Reza wurde vor zwölf Jahren weltberühmt durch das Stück "Kunst". In dem streiten sich drei Männerfreunde um den Wert eines Bildes, auf dem nichts zu sehen ist außer weißer Farbe und ein paar Rillen; das Ganze steigert sich zu einer komischen Zimmerschlacht um menschlichen Respekt und intellektuelle Lebensart an sich. Seither hat die Dramatikerin ein paar Romane ("Adam Haberberg") verfasst und einige nicht ganz so raffinierte Stücke ("Drei Mal Leben"), zuletzt verirrte sie sich brutal ins Hochtrabende: Ihr letztes, vor ein paar Monaten in Berlin gleichfalls von Gosch aufgeführtes Stück hieß lachhafterweise "Im Schlitten Arthur Schopenhauers".

Diesmal aber, in "Gott des Gemetzels", reiht Reza wieder lauter banale Nichtigkeiten aus dem bürgerlichen Alltagsleben aneinander und platziert furiose Running Gags (wenn gar nichts mehr geht, kommt immer der Hamster ins Spiel) und kaltschnäuzig servierte Pointen: "Das Kotzen ist Ihnen aber gut bekommen", kommentiert die Hausherrin.

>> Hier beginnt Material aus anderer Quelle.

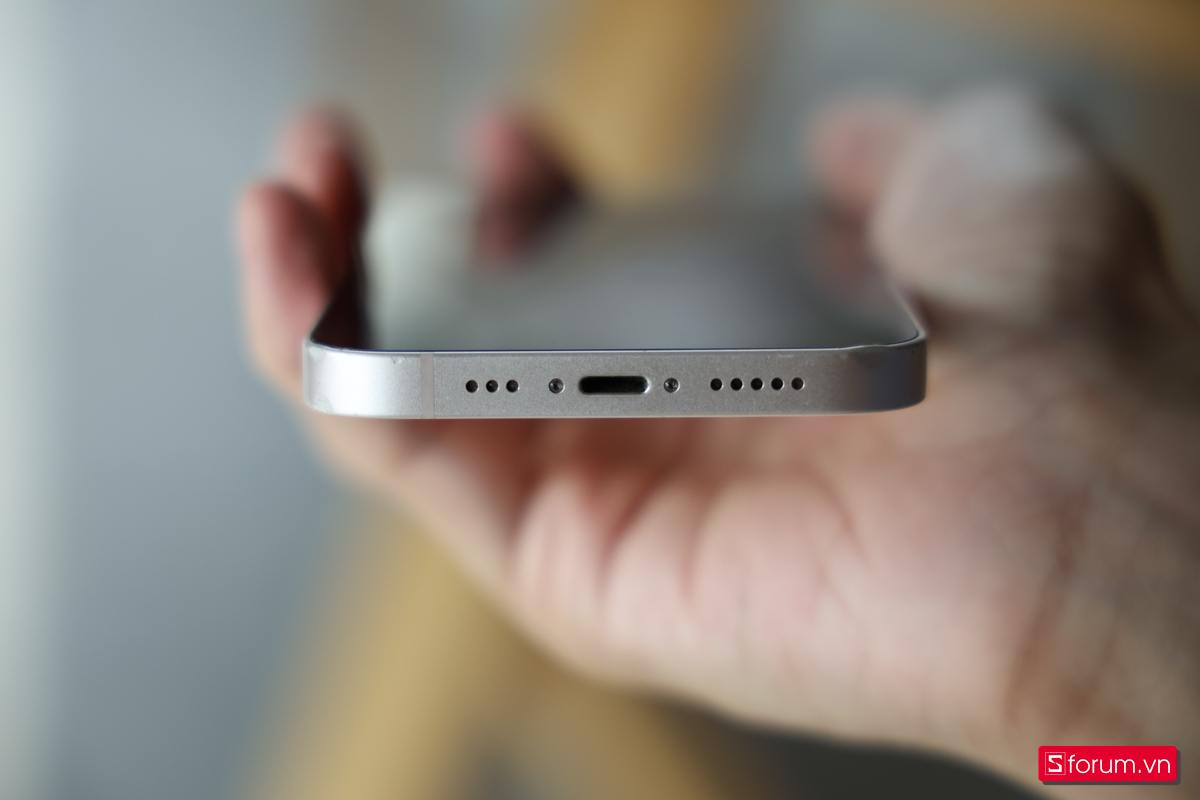 Đánh giá iPhone 13 sau 4 năm vẫn còn sử dụng cổng Lightning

Johlende Zuschauer - Schauspieler in Topform

Mit großem Geschick dreht Reza die Handlung immer noch eine Windung weiter ins Groteske. Plötzlich verbünden sich die Männer gegen die Frauen, weil sie John Wayne verehren und finden, dass das Prügeln ein alterhergebrachtes Recht aller Elfjährigen sei; dann wieder will der tranige Michel seiner Frau das Schnapstrinken verbieten und ringt mit ihr um die Flasche; wenig später verhöhnt der schurkische Anwalt Alain, den Maertens hier als echt grandioses Arschloch spielt, das Gutmenschentum von Annette, weil sie an einem Buch über den Krieg im Sudan arbeitet: "Ich versteh', das man sagt, auja, da schreib ich mal ein Buch über ein Massaker."

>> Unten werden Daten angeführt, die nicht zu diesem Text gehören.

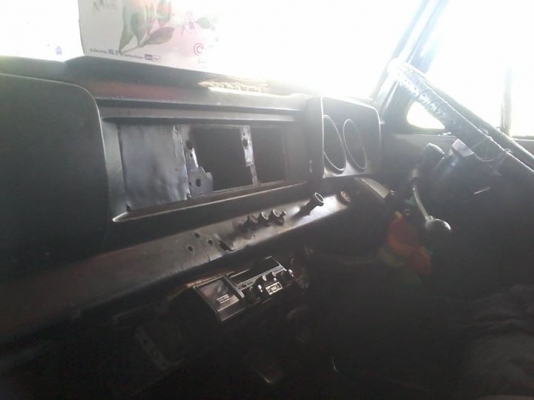 นิสสันคารืบอน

Die Aufführung fängt spröde und fast statuarisch an, nach einer halben Stunde aber laufen die Schauspieler zu großer, slapstickvernarrter Form auf, rutschen durch Kuchenreste und Blumenwasser. Die Bühne von Johannes Schütz ist ein kühl stilisiertes Schickimicki-Wohnzimmer aus grauen Glasflächen, in dem Bücherstapel die einzigen Möbel sind. Die Menschen, die darin bald die verschmutzten Klamotten und die Masken des Anstands fallen lassen, wirken selbst ein wenig wie Versuchstiere im Labor, die irgendein Forscher (oder der von Alain zitierte "Gott des Gemetzels") aufeinander losgelassen hat.

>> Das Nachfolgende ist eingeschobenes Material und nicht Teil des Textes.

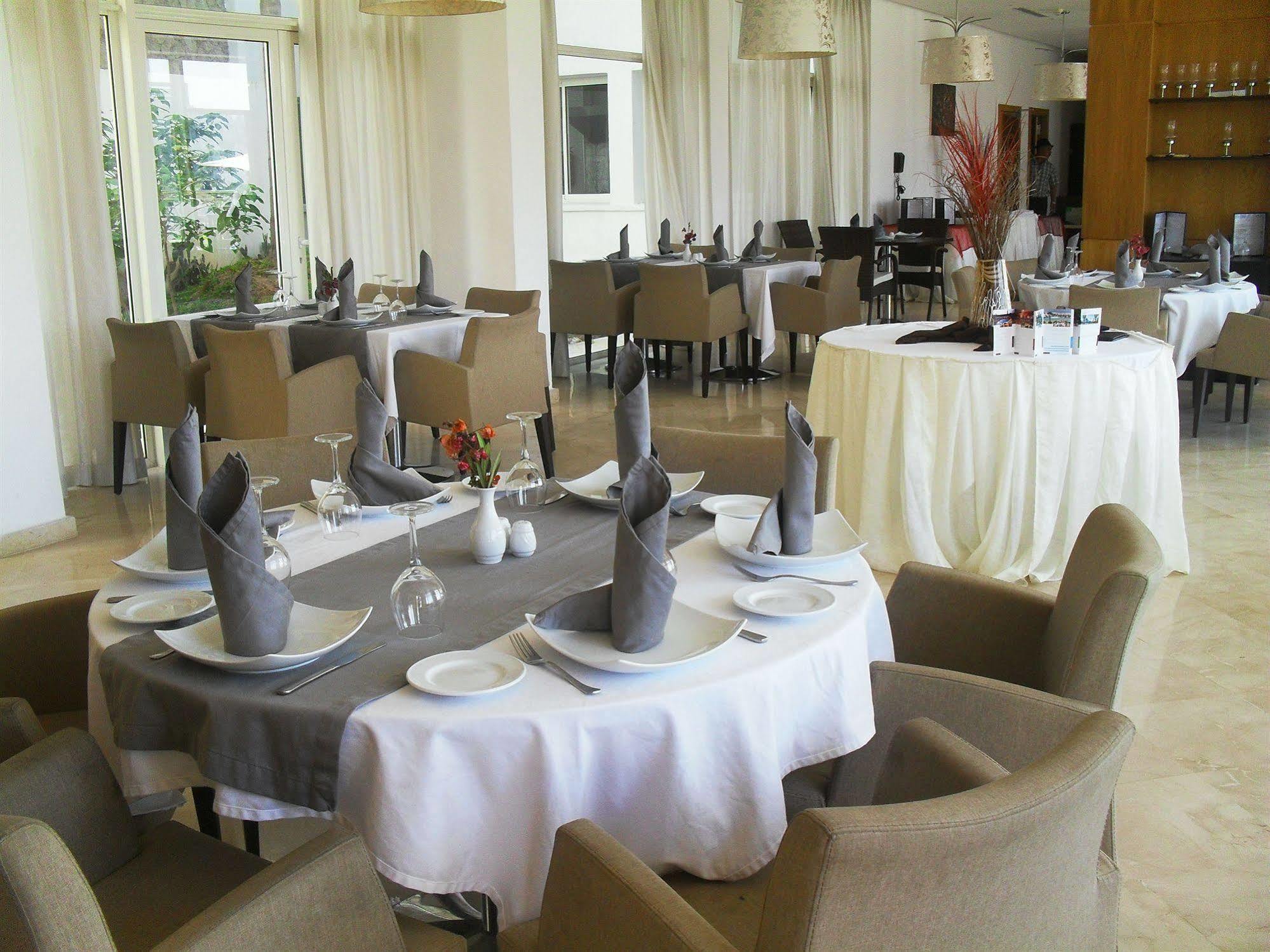 Suites Hotel Mohammed V By Accor Al Hoceima Exterior photo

Klatschend, johlend und glucksend zappeln die Premierenzuschauer in ihren Stühlen, weil dem Regisseur Gosch das Kunststück gelingt, all die philosophisch-anthropologische Gepäck, das die Figuren mit sich herumschleppen (von wegen der Mensch sei dem Menschen ein Wolf), plötzlich federleicht aussehen zu lassen. Der Zürcher "Gott des Gemetzels" ist eine heitere Sensation der aktuellen Theatersaison, das Stück aber wird nach diesem Triumph ganz sicher in aller Welt nachgespielt werden. Und überall wird der fiese Alain in sein tropfnasses, total ruiniertes Mobiltelefon hineinwinseln: "Aber das ist doch mein ganzes Leben!"